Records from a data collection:
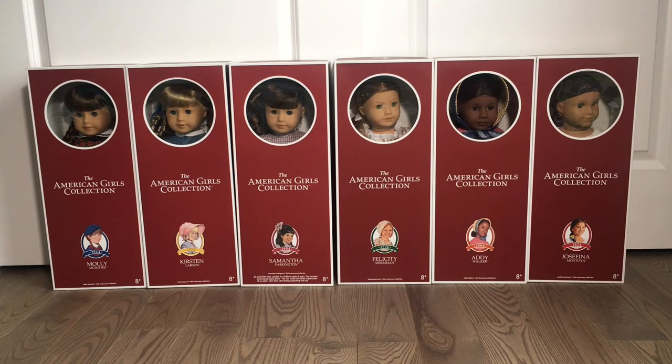I do want to encourage you guys to subscribe — I'm going to do comparison videos of these six new dolls to the original dolls so you can see if you should get one of these as well. This video was not sponsored by American Girl; I purchased all of these dolls with my own money, and I would really appreciate it if you subscribe and like this video.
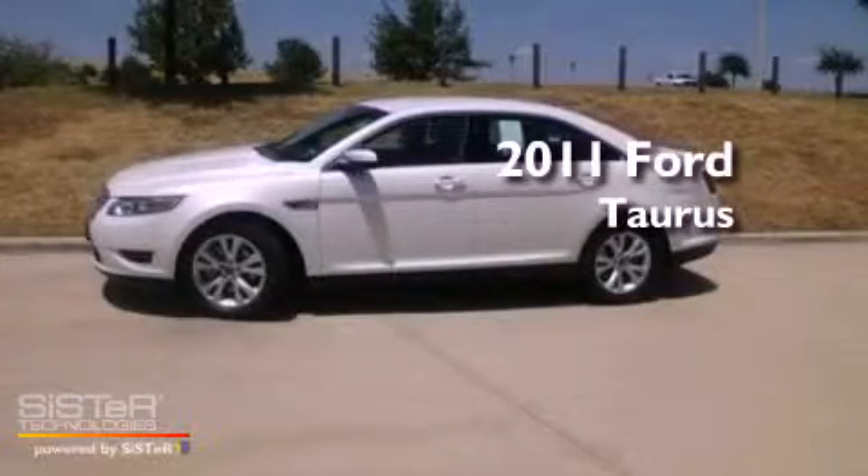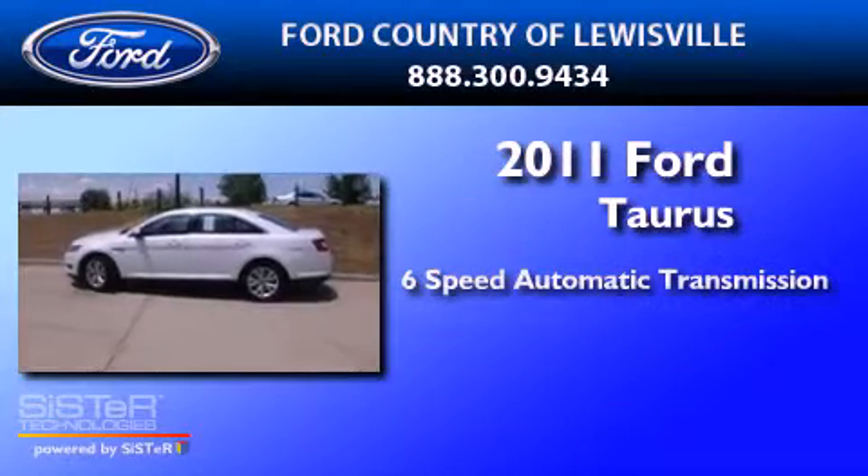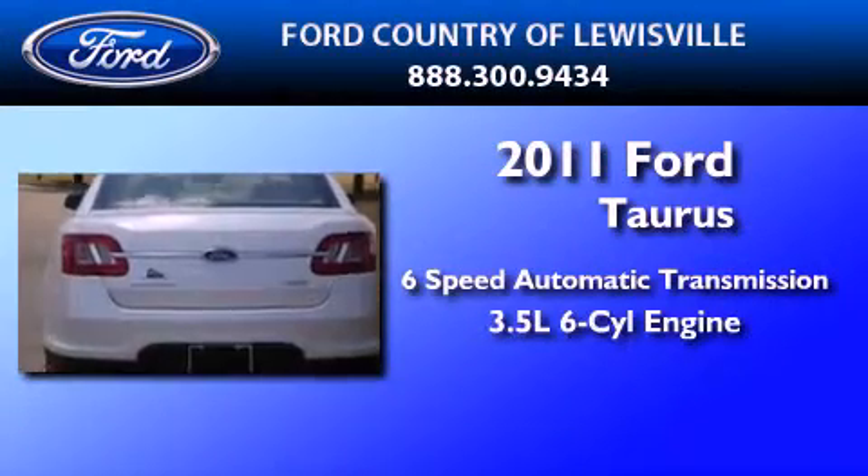This is a brand new 2011 Ford Taurus. This four-door sedan has a six-speed automatic transmission and a 3.5-liter V6.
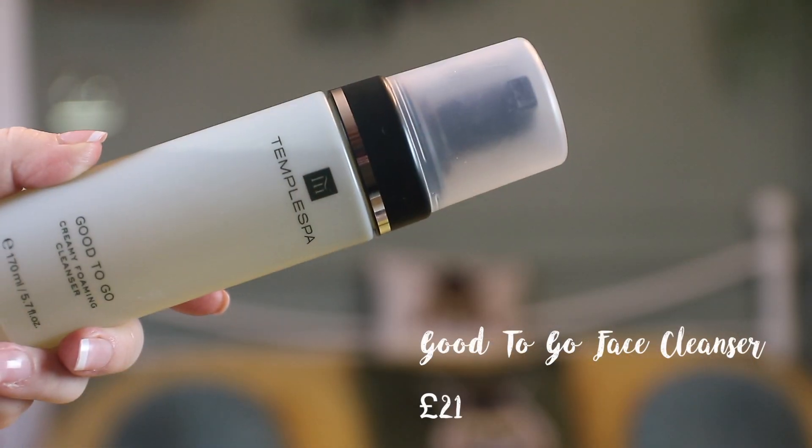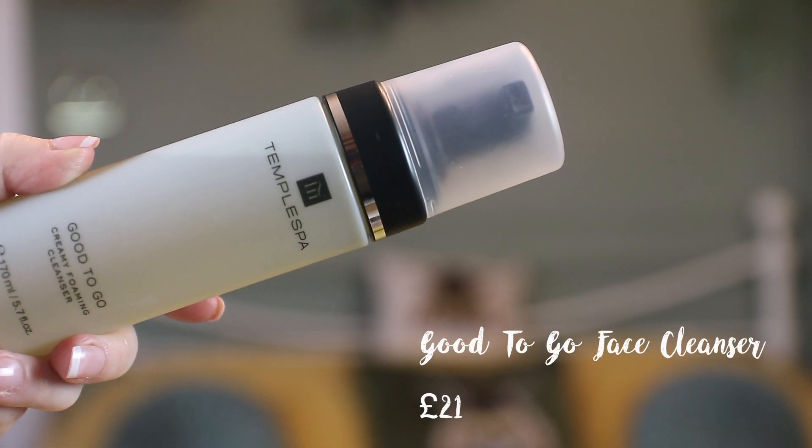Now I'm going to move on to my second cleanser: the Good To Go Creamy Foaming Cleanser. This cleanser is for normal skin and it's SLS free. It contains aloe vera, carrot, bergamot, lemon, tangerine, cucumber, honey, watercress, and it also contains multivitamins. I've taken a couple of pumps onto my Foreo face cleanser — this is basically an electronic face cleanser and it's really changed the way I cleanse my skin. It's a silicone cleanser, so it's really great to clean and it gives the pores a more deeper clean.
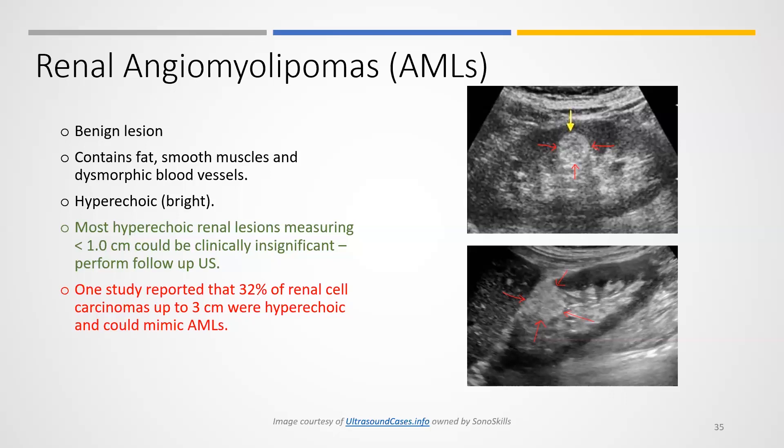Be aware of that context. Most hyperechoic renal lesions measuring less than one centimeter in diameter — we simply do follow-up ultrasound and let the patient know we have a somewhat suspicious lesion, but it may just require routine follow-up to make sure it's not growing.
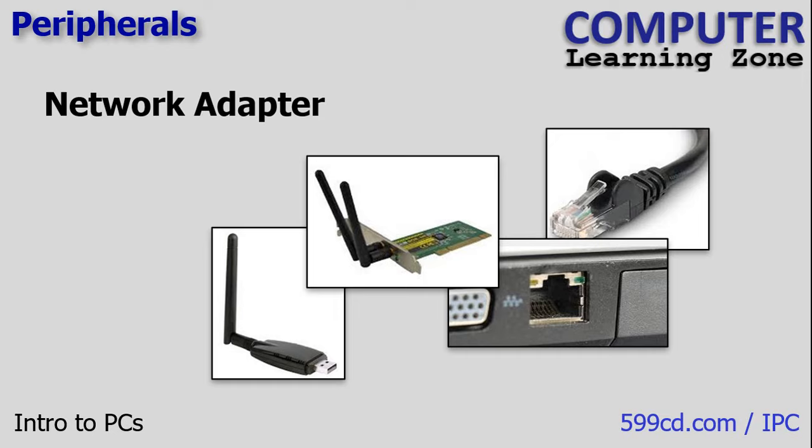Another type of peripheral is the network adapter, which allows you to connect to your office network or the internet. You sometimes have the option of either a wired connection, commonly used in businesses, or a wireless connection on home or office Wi-Fi. Wired connections generally offer faster speeds and better security, but with a wireless connection you have the freedom to move around without being tethered to a cable. Nowadays, most laptops come with built-in wireless networking. Higher-end laptops often have a wired network port as well. For desktop PCs, you may need a network adapter — either an expansion card you plug in, or a USB adapter that plugs into a USB port.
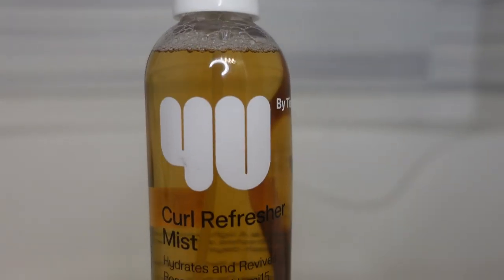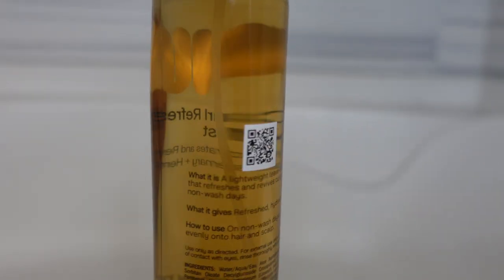My favorites overall are definitely the conditioner — the lightweight conditioner — as well as the leave-in. I cannot live without them and will continuously restock. Lastly, I tried the Curl Refresher Mist, which hydrates and revives hair, containing rosemary and Hemi 15. It says to refresh hydrated curls on non-wash days by spraying evenly on hair and scalp. It's a very lightweight, oil-type feel — more like a sheen. I never really was big on curl refresher mists.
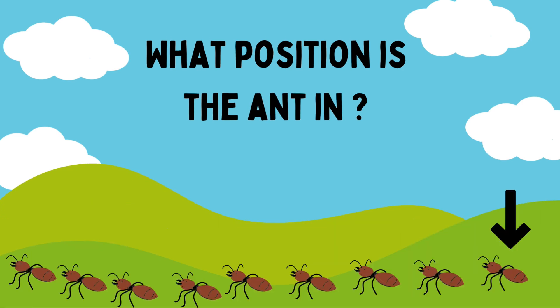What position is the python in? First, second, third, fourth, fifth, sixth, seventh, eighth, ninth. What position is it in, Riham? Ninth. Good job, Riham. It's in the ninth place.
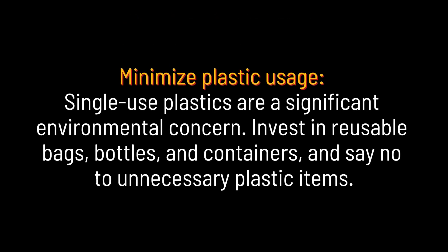Minimize plastic usage. Single-use plastics are a significant environmental concern. Invest in reusable bags, bottles, and containers, and say no to unnecessary plastic items.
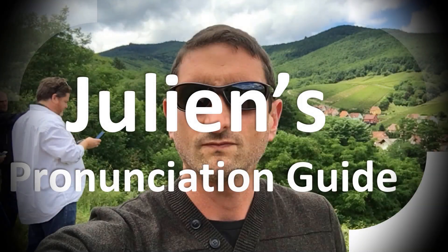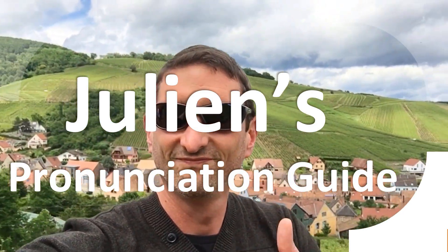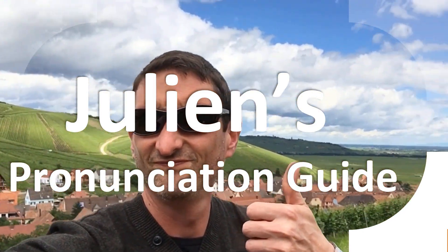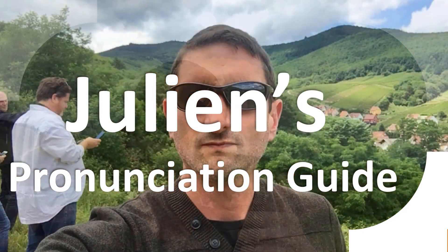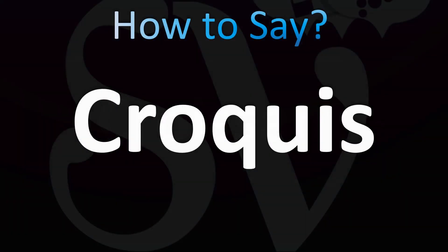You are looking at Julian's pronunciation guide, where we look at how to pronounce some of the most mispronounced words in the world. Today, let's learn how to pronounce this word. If you want to learn more vocabulary, including from arts, painting, and fashion, stay tuned to the channel.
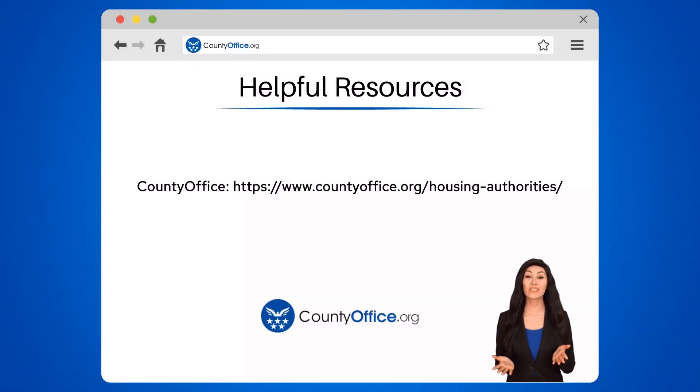To learn more, check out these links, which you can click in the description below. And feel free to comment your questions. We're here to help.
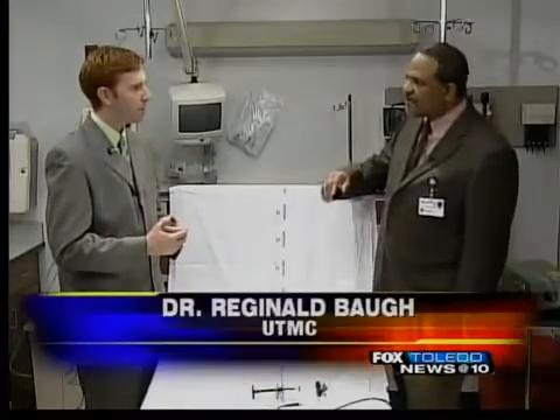Sinusitis has been a problem everyone has had experience with — we all know what we're talking about. And really the changes and advances we're seeing are coming as a result of better understanding of the disease process as well as better understanding of how to treat it — not only medically, but also surgically.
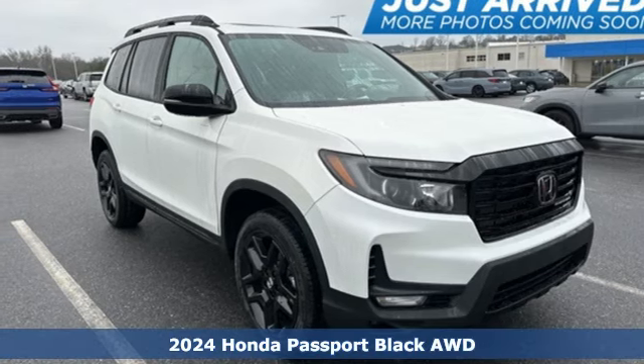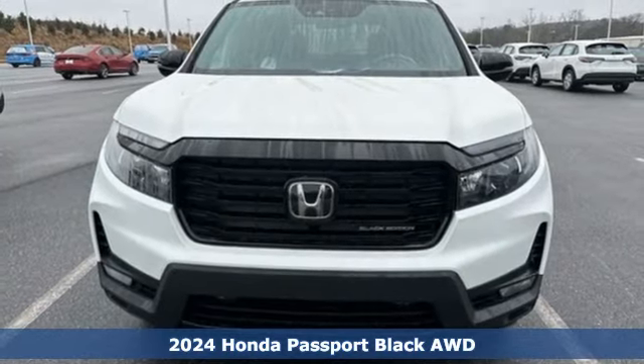It's a new 2024 Honda Passport. Honda has a world-renowned reputation for reliability.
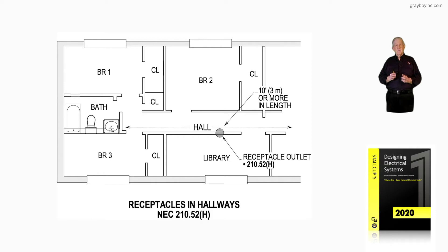A receptacle is required — one. Usually the electrician will locate this receptacle about in the middle of the area, so that a vacuum cleaner plugged in could go each way and have plenty of cord length on the vacuum cleaner to vacuum carpet and so forth.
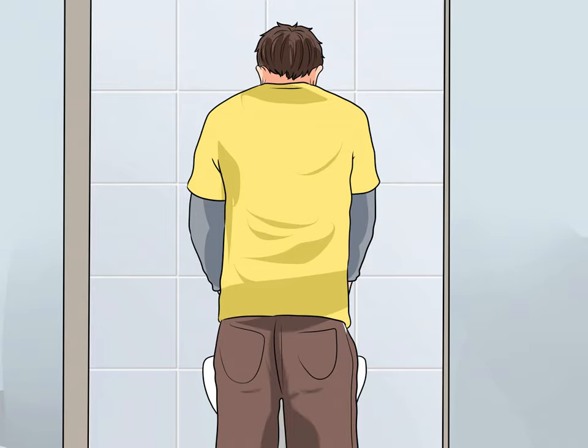Try to urinate throughout the day. Some people avoid using the restroom during the day either because it's inconvenient or because they don't realize they have to go. By forcing yourself to urinate at regular intervals, you may be able to reduce your need to urinate at night. Most people urinate an average of six to seven times within a 24-hour period. Training your body to urinate every two to three hours throughout the day can help get your body more used to passing urine during waking hours.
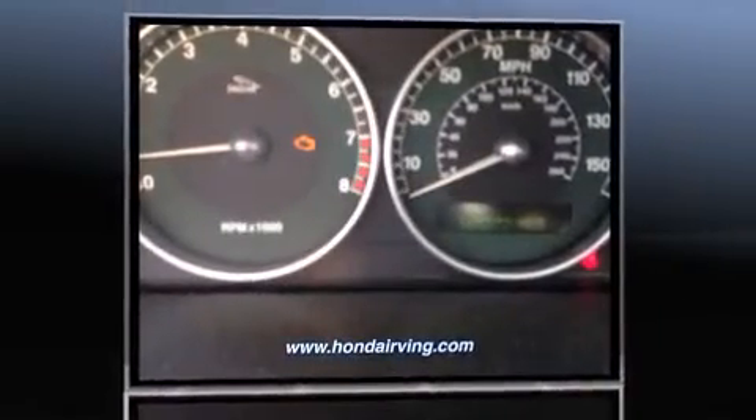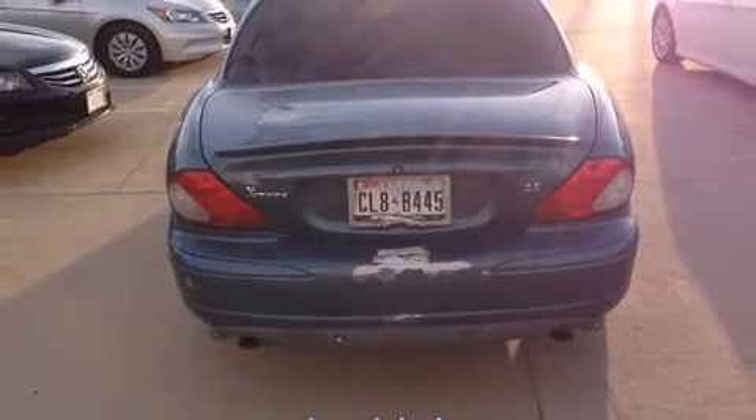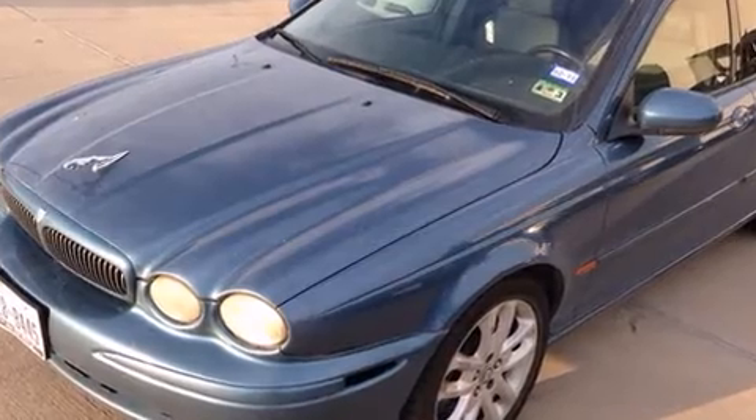Jaguar infused the interior with top-shelf amenities such as variably intermittent wipers, adjustable headrests in all seating positions, a power seat, fully automatic headlights, remote keyless entry, and air conditioning.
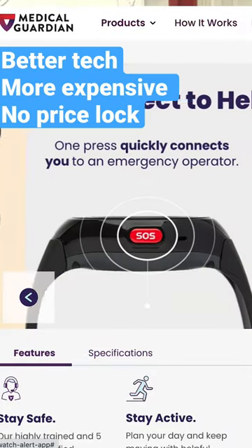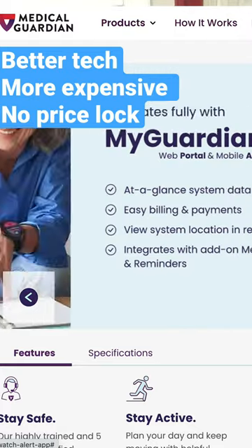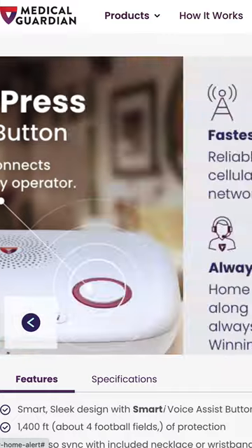If you want voice activation and some really cool features in a medical alert watch, you need to go with Medical Guardian. The major downside to choosing Medical Guardian is that once you add all those features that you want, they all cost extra per month, so your monthly fee can end up being pretty high.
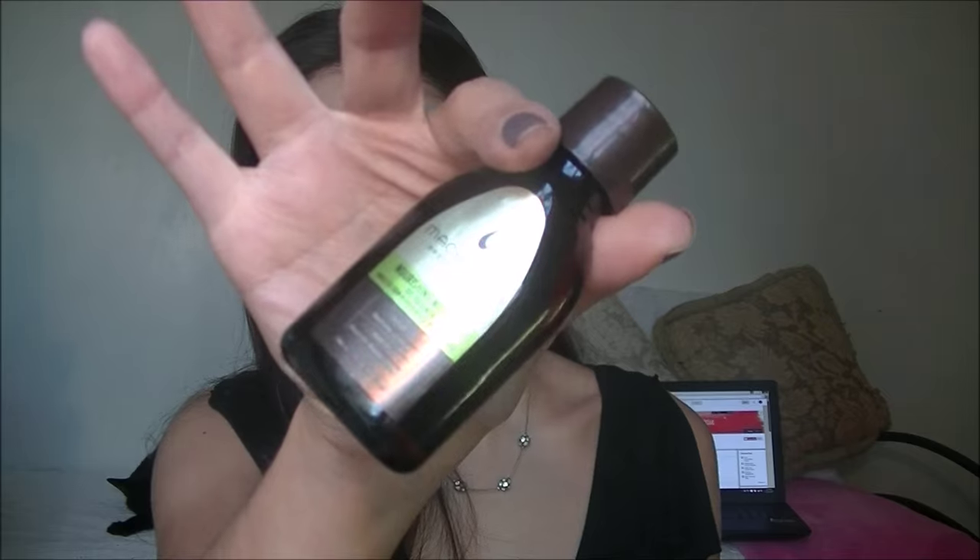Next I'm going to show you an oil — this is the Macadamia Professional Nourishing Moisture Oil Treatment. It's for medium to coarse hair. I just put a little bit of this in my hair, usually when it's dry, just to add shine at the ends. It's really silky and it really helps your hair. I got it from Ulta.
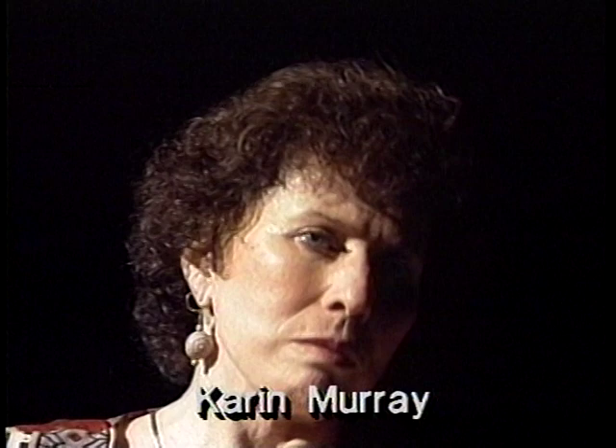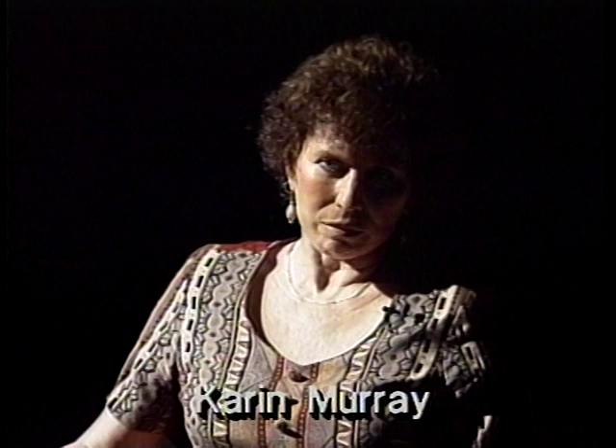Hi, I'm Karen Murray. I'm an instructor here at the Art Department at Valdosta State University. I teach art appreciation, drawing, design, and I also serve as gallery director here for our university gallery.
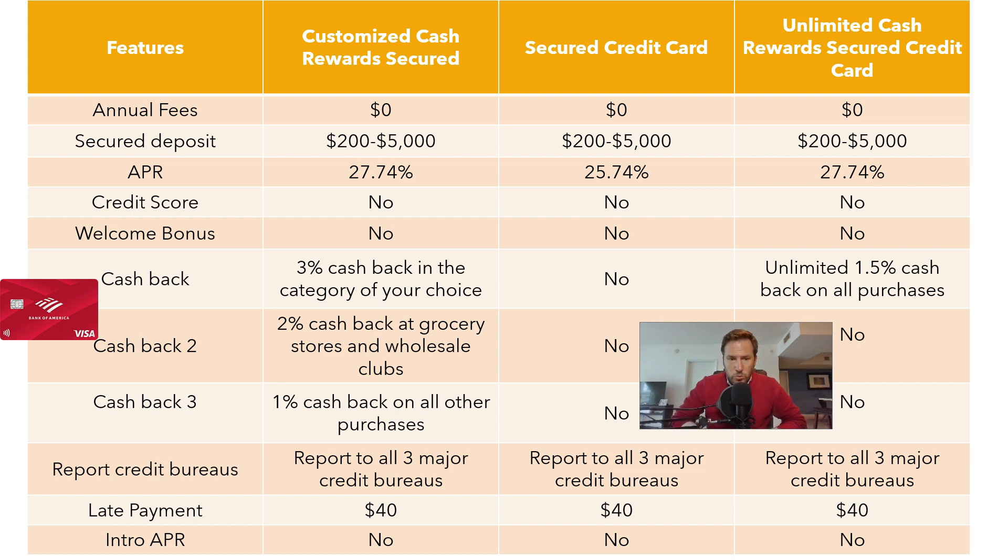If you pay your purchases at the end of the month you do not have to pay interest, but if you defer the payments, you have an interest rate of 27.74% APR with the Customized Cash Rewards Secured and Unlimited Cash Rewards Secured Credit Cards. The Secured Credit Card has a lower interest rate of 25.74% APR.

*Exercise goal:*
The line with "Hi, I'm Karen" and each line after it, through the final line of the data, are to be duplicated exactly, with pictures left out and nothing more included.

*Solution:*
Hi, I'm Karen Murray. I'm an instructor here at the Art Department at Valdosta State University. I teach art appreciation, drawing, design, and I also serve as gallery director here for our university gallery.
If you pay your purchases at the end of the month you do not have to pay interest, but if you defer the payments, you have an interest rate of 27.74% APR with the Customized Cash Rewards Secured and Unlimited Cash Rewards Secured Credit Cards. The Secured Credit Card has a lower interest rate of 25.74% APR.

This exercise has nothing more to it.